First off, I loved all four of the main characters, each different, but each fantastic in her own unique way. Samantha, the utter id who did it all her way, Charlotte, the eternal optimist, Miranda, the cynical career woman and Carrie, the voice of reason with the pathological shopping problem.
After watching the movie again, the only one I liked was Charlotte. She was the only one who remained true to her character, confessing that she found something she loved about her life and her marriage everyday.
Miranda was turned into the worst version of her sometimes bitter self -- unforgivingly judgmental, angry and utterly unyielding. Samantha turns to food to suppress her primal instincts because she just can't be a one-guy gal. And finally Carrie, who ditches the quiet restrained wedding she was going to have with twice-divorced Mr. Big for a Page Six extravaganza because of "the dress."
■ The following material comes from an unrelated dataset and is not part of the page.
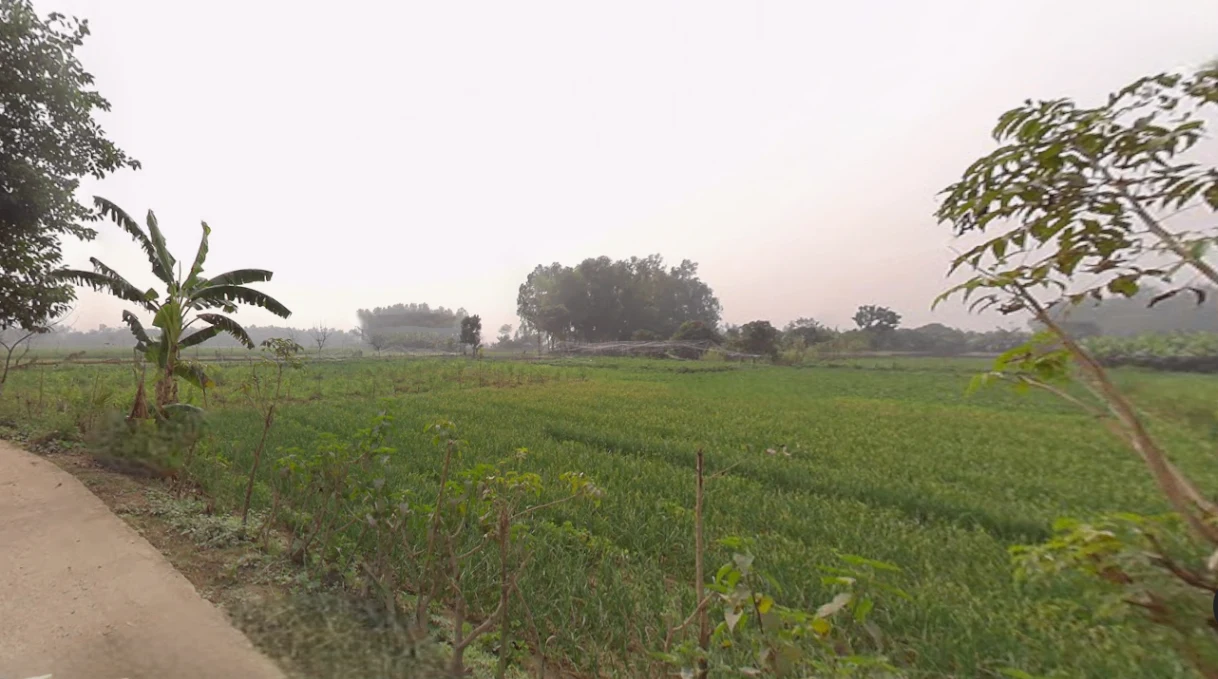 Muragachha, West Bengal, India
OK, the characters were always more or less two-dimensional representations of archetypes. In the movie, those types are whittled down to a sliver. When did the writers lose their respect for these ladies?
I'm growing increasingly dismayed by how women are portrayed in movies. Watch the trailers for these two upcoming movies -- "Bride Wars" and "He's Just Not That Into You." According to "Bride Wars," women are so self-absorbed and petty that they would battle with and lose a best friend rather than pick another day to hold a wedding.
And yet Hollywood keeps churning out this junk. Why? Because we women spend money to see it! I'm guilty -- I saw "Sex And The City" twice!
Does anyone else share my dismay about the portrayal of women in films? Anyone else think "Sex And The City" was more like hate mail than a love letter?